Wind Waker was piss easy, the sailing was boring as shit, and the triforce quest made me vomit. That's the trifecta of human excrement right there. If it weren't for the graphics, the music, and maybe half of the dungeons, I wouldn't have liked it. The charm only made up for so much. Oh, and the final boss. That fight was more amazing than that game deserved.

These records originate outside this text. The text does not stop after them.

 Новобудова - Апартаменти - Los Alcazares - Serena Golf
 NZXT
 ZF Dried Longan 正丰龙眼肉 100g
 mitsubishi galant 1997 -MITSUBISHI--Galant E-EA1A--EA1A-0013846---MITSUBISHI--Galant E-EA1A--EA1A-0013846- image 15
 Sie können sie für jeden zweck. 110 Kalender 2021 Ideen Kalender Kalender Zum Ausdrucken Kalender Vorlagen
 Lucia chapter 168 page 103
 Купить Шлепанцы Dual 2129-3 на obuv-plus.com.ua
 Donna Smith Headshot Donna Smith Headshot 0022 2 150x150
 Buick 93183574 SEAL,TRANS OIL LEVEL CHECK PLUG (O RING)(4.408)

LttP is the definitive Zelda template, and pretty much every game since has copied it. It also made sure not to repeat puzzles. How many times do you light all the torches or shoot all the eyeballs or hold down switches with statues in modern zeldas? Those things each happened once, and the game never swung the camera around the room to tell you what to do. It was the perfect balance between Zelda 1's "You NEED a strategy guide to beat this" and the later games' "HEY WE'RE JUST GOING TO MAKE THE CAMERA SHOVE THESE THINGS IN YOUR FACE. HMMMMMMMMM THAT MIRROR LOOKS LIKE IT MIGHT REFLECT LIGHT OR SOMETHING!" Also, I remember all the dungeon names, because I'm not a jerk
Link's Awakening is another fantastic one because not only is nothing spelled out for you, but all of the items are absolutely critical to navigating the entire world, like in Metroid. It's not like Twilight Princes where you'll never use the fucking Spinner after the Desert Temple. You'll be stopped right in the middle of a trail because you don't have the boots to do a running leap. But the dungeons weren't very varied, you know; they were actually more repetitive since there were a limited number of colors/tiles to work with. The only standouts are the Eagle's Tower (fucking pillars) and Turtle Rock (fucking lava).
Semirelated, but I just ordered a lithograph and signed art book from the Alice: Madness Returns website. The art is the only thing pushing me through that game's tedium.